The removal petitions herein aver that the respective plaintiffs were, at the time of the removals citizens of Tennessee, respectively; that the corporate defendant was, at the time of the removals, an Illinois corporation, not incorporated by Tennessee, with its principal place of business in Illinois; and that the individual defendant was, at the time of the removals, a citizen of Mississippi. These allegations appear to establish the essential facts of diversity of citizenship at the time of removal, as contemplated by 28 U.S.C. § 1441(b), which governs these actions, and Sec. 1332(a) (1) and (c).

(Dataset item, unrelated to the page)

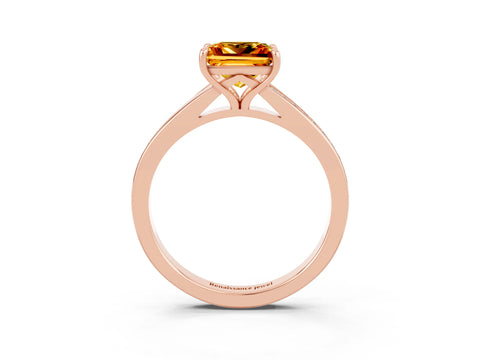 Rose gold Princess Cut Citrine Solitaire Ring with Pavé Band and Prong Setting_15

However, the removal petitions are defective in that they do not allege the citizenship of either the corporate or the individual defendants at the time these actions were commenced. “ * * * The sum of [a line of Supreme Court] * * * decisions * * * certainly is that such allegation [s] of citizenship of [the parties] at the date of commencing [the] suit[s] in the state court as to demonstrate that [they were] not, at that moment, [citizens] of the same state as the other party, is of the essence of jurisdiction, and being so essential, [their] absence can neither be overlooked nor supplied by inference nor cured by amendment. * * * ” La Belle Box Co. v. Stricklin, C.C.A.6th (1914), 218 F. 529, 533 [5, 6].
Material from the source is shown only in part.